Now a full-time reliever, Cabrera absolutely dominated Triple-A hitters with a 1.23 ERA, 0.91 WHIP, and 6.18 K/BB in 51.3 innings. The 23 year-old was immediately summoned by the Indians, and he picked-up right where he left off in Triple-A, pitching to the tune of a 1.47 ERA, 1.14 WHIP, and 2.64 K/BB in 30.6 innings. Before the 2006, many organizational folk felt that Cabrera was ready to take over the closer reigns from 36 year-old Bob Wickman, but they eventually agreed that it couldn’t hurt to have Cabrera pitch a full-season in the Major Leagues before taking-on such a high-pressure responsibility. Unfortunately, the righty fell flat on his face.
In 2006, Cabrera owned an overall 5.19 ERA, 1.40 WHIP, and 2.22 K/BB in 60.6 innings. Even though he sported a dominant 10.5 K/9, his 4.7 BB/9 exposed what would become his Achilles heal. Many people pointed to Cabrera’s horrendous April (15.88 ERA, 2.29 WHIP, and 1.14 K/BB), resurrecting tune-up in Triple-A (1.08 ERA, 1.20 WHIP, and 6.50 K/BB in 8.3 IP), solid rest of the way statistics (4.09 ERA, 1.30 WHIP, and 2.52 K/BB), and indicative 3.95 xFIP to prove his future success, but unfortunately, things only got worse in 2007. After hurling a dismal 5.61 ERA, 1.78 WHIP, and 1.77 K/BB (fueled by a 5.9 BB/9), the Indians exposed the 25 year-old to waivers, where he was picked-up by the Tampa Bay Rays–but then found his way with the Baltimore Orioles.
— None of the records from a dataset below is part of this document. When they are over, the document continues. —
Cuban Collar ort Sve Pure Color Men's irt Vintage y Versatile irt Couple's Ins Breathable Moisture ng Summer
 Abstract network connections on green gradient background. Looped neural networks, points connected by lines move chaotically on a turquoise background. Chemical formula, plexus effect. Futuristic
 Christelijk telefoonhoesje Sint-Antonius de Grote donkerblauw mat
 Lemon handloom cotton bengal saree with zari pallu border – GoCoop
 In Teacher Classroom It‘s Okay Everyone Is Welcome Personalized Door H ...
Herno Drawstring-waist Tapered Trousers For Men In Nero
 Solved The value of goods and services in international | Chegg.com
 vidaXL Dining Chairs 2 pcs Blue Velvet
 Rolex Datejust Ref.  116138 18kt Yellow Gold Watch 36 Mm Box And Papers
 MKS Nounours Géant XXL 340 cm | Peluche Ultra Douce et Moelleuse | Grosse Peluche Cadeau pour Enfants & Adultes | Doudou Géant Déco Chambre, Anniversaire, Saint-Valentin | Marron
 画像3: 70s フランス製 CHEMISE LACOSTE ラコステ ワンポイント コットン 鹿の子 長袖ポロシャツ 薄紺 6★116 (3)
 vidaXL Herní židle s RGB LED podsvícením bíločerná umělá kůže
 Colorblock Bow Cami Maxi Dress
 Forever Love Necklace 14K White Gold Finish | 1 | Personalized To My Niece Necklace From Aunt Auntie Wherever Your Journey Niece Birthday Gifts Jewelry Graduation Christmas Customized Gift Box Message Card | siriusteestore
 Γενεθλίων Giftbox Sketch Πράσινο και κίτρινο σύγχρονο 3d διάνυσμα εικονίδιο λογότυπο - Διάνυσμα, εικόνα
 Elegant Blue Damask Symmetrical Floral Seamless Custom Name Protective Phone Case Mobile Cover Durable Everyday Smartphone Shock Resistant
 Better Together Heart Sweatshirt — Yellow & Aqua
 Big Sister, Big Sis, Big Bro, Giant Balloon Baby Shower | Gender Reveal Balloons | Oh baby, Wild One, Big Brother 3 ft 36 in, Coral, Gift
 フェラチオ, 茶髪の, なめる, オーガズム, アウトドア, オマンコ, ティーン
Not much changed in Baltimore, as Cabrera got rocked (12.60 ERA, 2.10 WHIP, and 1.00 K/BB in 10 IP). Then after a consecutive bad stint with the Orioles in 2008 (5.40 ERA, 1.72 WHIP, and 1.82 K/BB in 28.3 IP), the Orioles parted ways with the walk-troubled reliever. The Boston Red Sox signed Cabrera in January 2009, but similar to his tenure with the Orioles, he failed to live-up to his past successes (combined 10.80 ERA, 2.25 WHIP, and 1.33 K/BB in 6.6 IP from 2009 to 2010).
Last season, Cabrera spent the entire year in Triple-A for the Oakland Athletics organization. The 29 year-old’s 2.71 ERA, 1.19 WHIP, and 2.81 K/BB in 63 innings warranted a call-up, but it never came. Considering his last respectable season came in 2005, one can’t really blame the Athletics for keeping the righty in the Minor Leagues.
Fernando Cabrera’s case is an interesting one. While the pitcher’s Minor League career doesn’t exactly scream “control artist” (career 3.5 BB/9 in 736 IP), it hardly accounts for why he has so much trouble throwing strikes in the show (career 5.0 BB/9 in 175.3 IP). In addition, his continual success in the Minor Leagues (career 3.24 ERA, 1.23 WHIP, and 2.74 K/BB) and three-pitch arsenal (fastball, slider, and change-up) still makes him a prudent guy to have kicking the tires in Triple-A. Cabrera has had three changes of scenery since his Indians-days, but maybe the lofty confines of Citi Field will at least help his gopheritis (career 1.64 HR/9).